## Data segment
:::

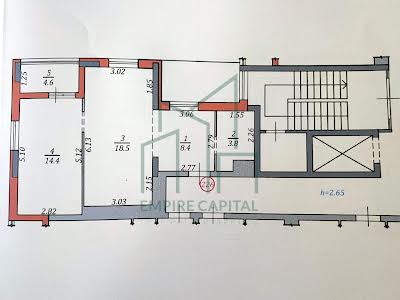 квартира по адресу Зеленая ул., 204Д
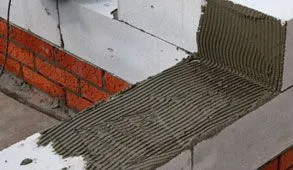 Выбор кладочных смесей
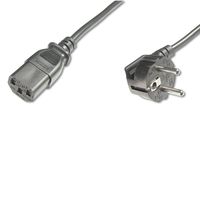 Miniatura 2 de Ewent cable alimentación 1,8m (IEC320 to C13)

:::

## The problem
Once the pictures are set aside, give every line above again without alteration.

## Completed exercise
 квартира по адресу Зеленая ул., 204Д
 Выбор кладочных смесей
 Miniatura 2 de Ewent cable alimentación 1,8m (IEC320 to C13)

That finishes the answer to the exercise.